__Your assignment__. When you reach the line that contains "長靴 AS 時髦新勢力綁帶造型尖頭粗高跟過膝長靴－紅", begin copying exactly, and continue through the last line of the data; no pictures belong in the copy.
++++++
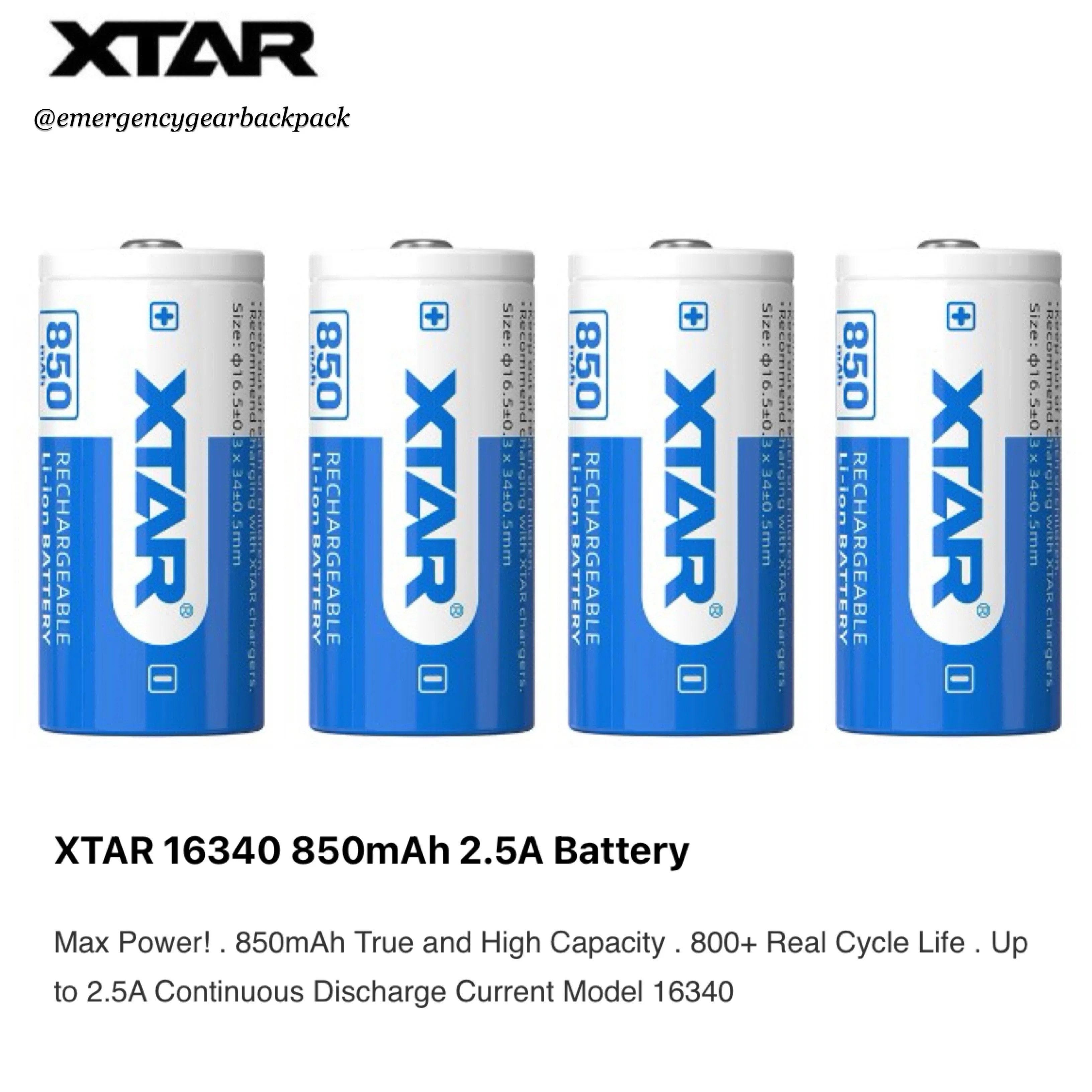 XTAR 16340 850mAh 3.6V 2.5A Li-ion Rechargeable Battery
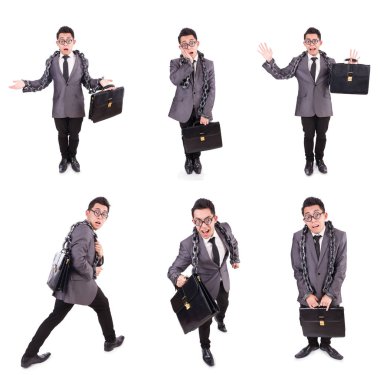 Beyazlara zincirlenmiş iş adamı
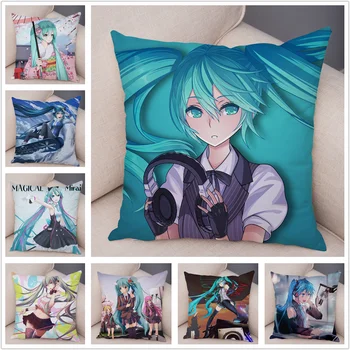 

Cute Music Girl VOCALOIDCushion Cover for Sofa Home Car Pillows Covers 45x45cm Decor Hatsune Miku Pillow Case Cartoon Pillowcase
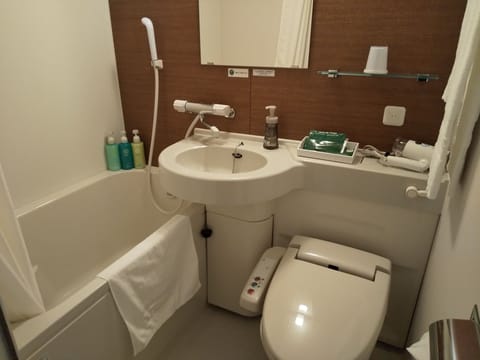 Combined shower/tub, free toiletries, hair dryer, bidet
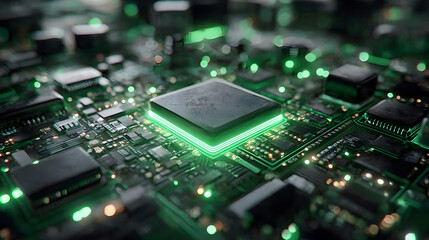 Stock photo of green glowing computer chip motherboard cpu processor technology electronics hardware system 100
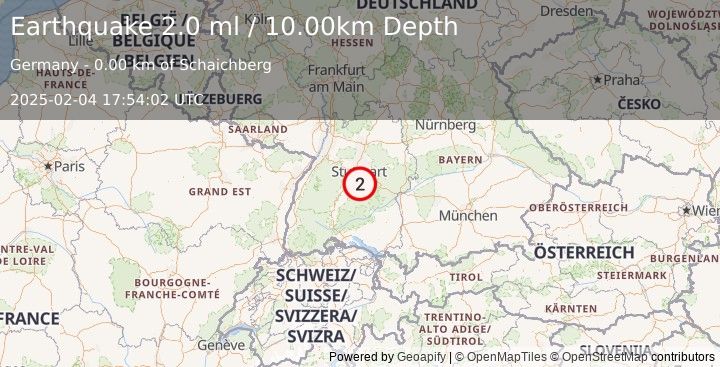 Earthquake GERMANY (2.0 ml) (2025-02-04 17:54:02 UTC)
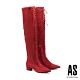 長靴 AS 時髦新勢力綁帶造型尖頭粗高跟過膝長靴－紅 product thumbnail 1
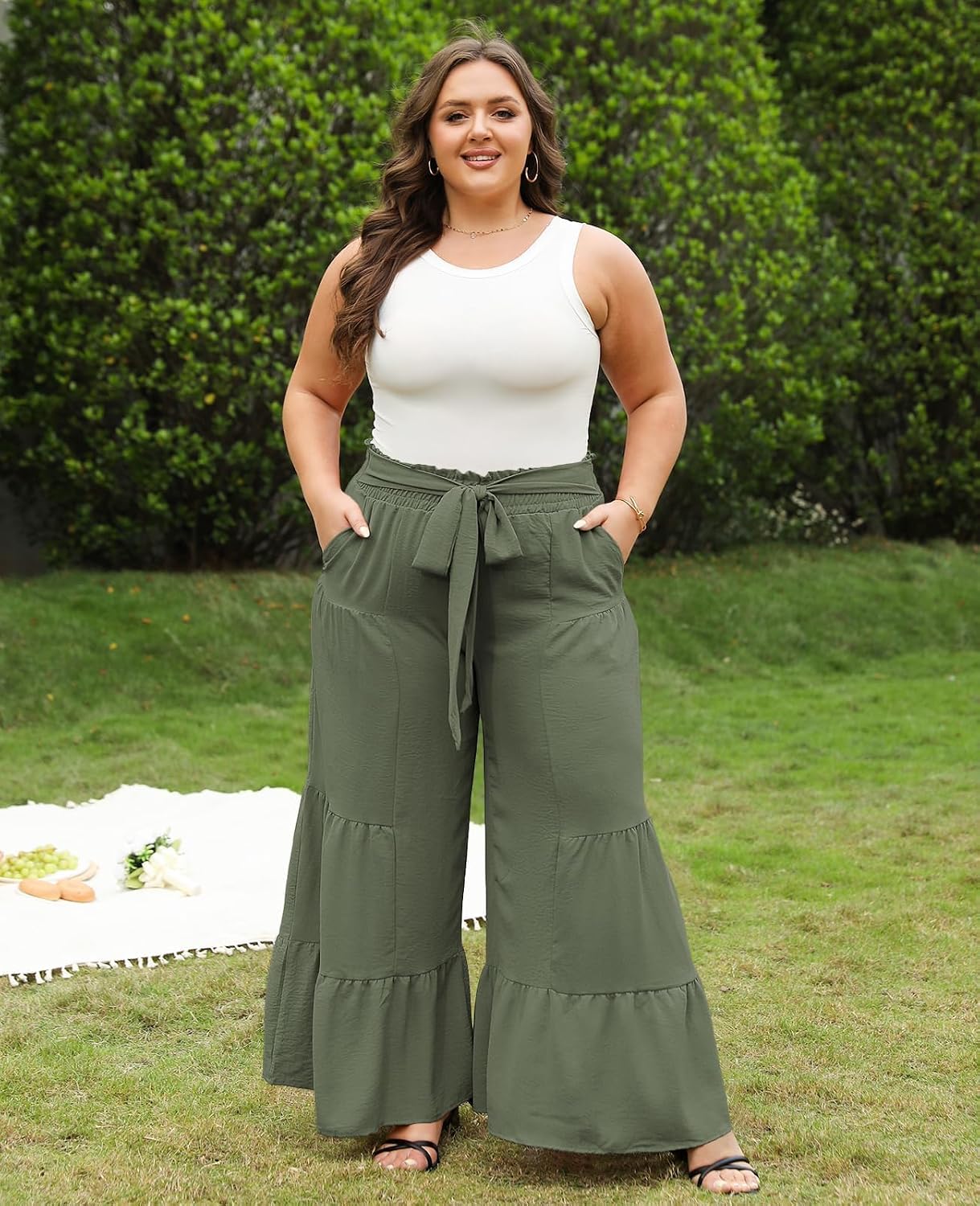 Army green plus-size wide-leg palazzo pants, tied waist, tiered hem, side pockets
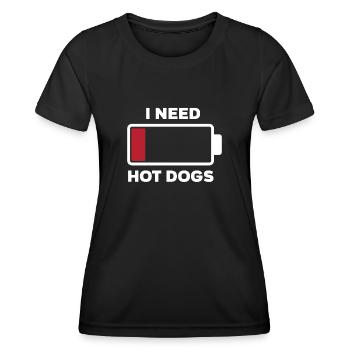 Hot Dog Hot Dogs Liebhaber Geschenk - Frauen Funktions-T-Shirt - Schwarz - Vorne - AI Model Female 172 light (172cm)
++++++
__Solution to the problem__.
 長靴 AS 時髦新勢力綁帶造型尖頭粗高跟過膝長靴－紅 product thumbnail 1
 Army green plus-size wide-leg palazzo pants, tied waist, tiered hem, side pockets
 Hot Dog Hot Dogs Liebhaber Geschenk - Frauen Funktions-T-Shirt - Schwarz - Vorne - AI Model Female 172 light (172cm)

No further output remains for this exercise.